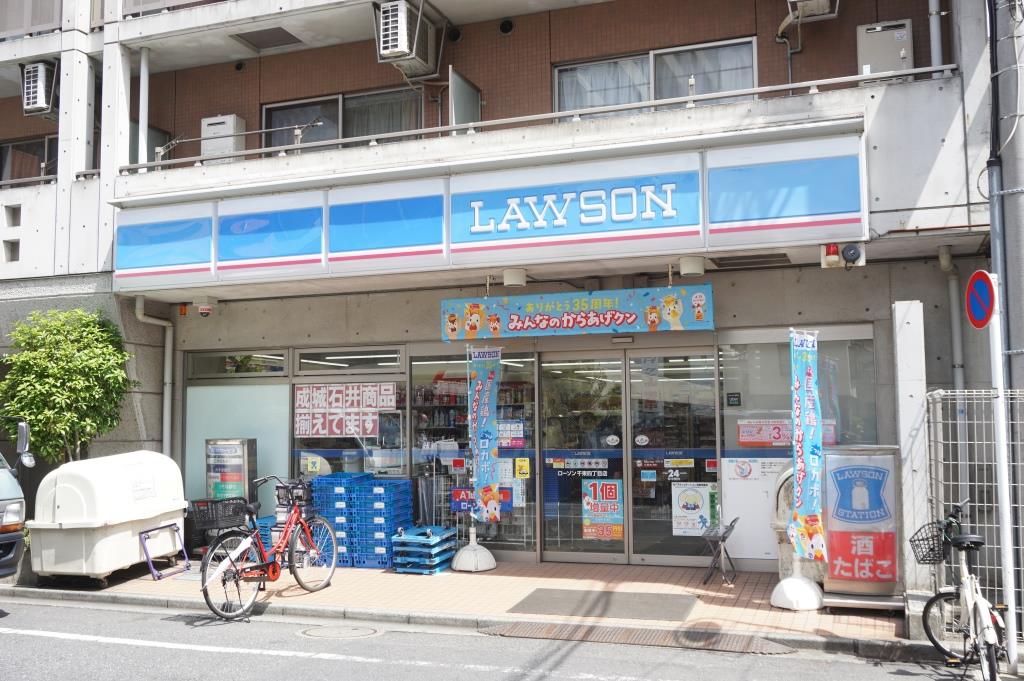 コンビニ　ローソン 千束四丁目店（コンビニ）まで364m
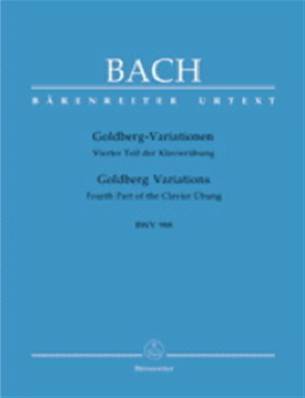 Bach - Variations Goldberg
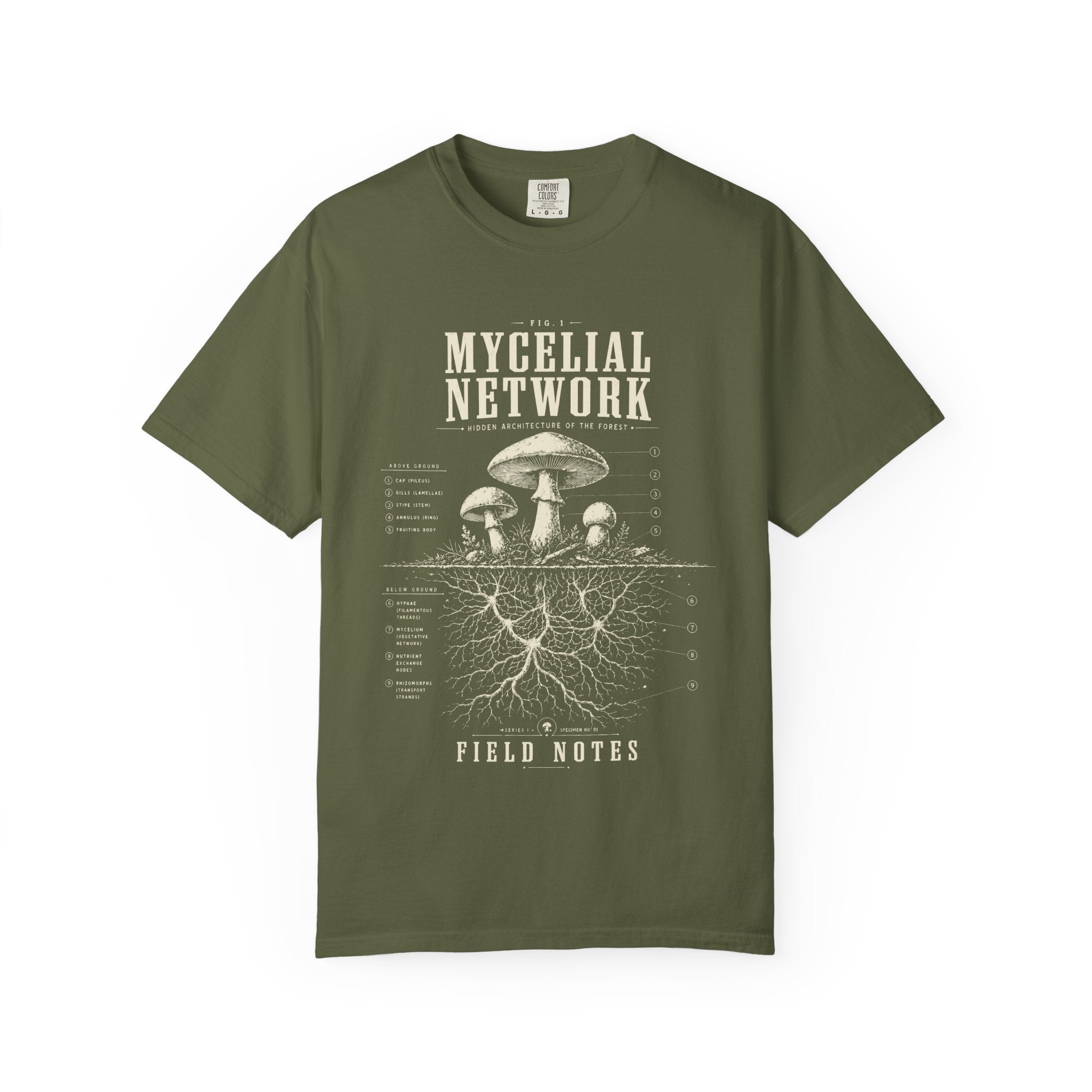 Mycelial Network T‑Shirt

= = =

To do:
Return each of the lines exactly as they appear above, with no images.

Task output:
 コンビニ　ローソン 千束四丁目店（コンビニ）まで364m
 Bach - Variations Goldberg
 Mycelial Network T‑Shirt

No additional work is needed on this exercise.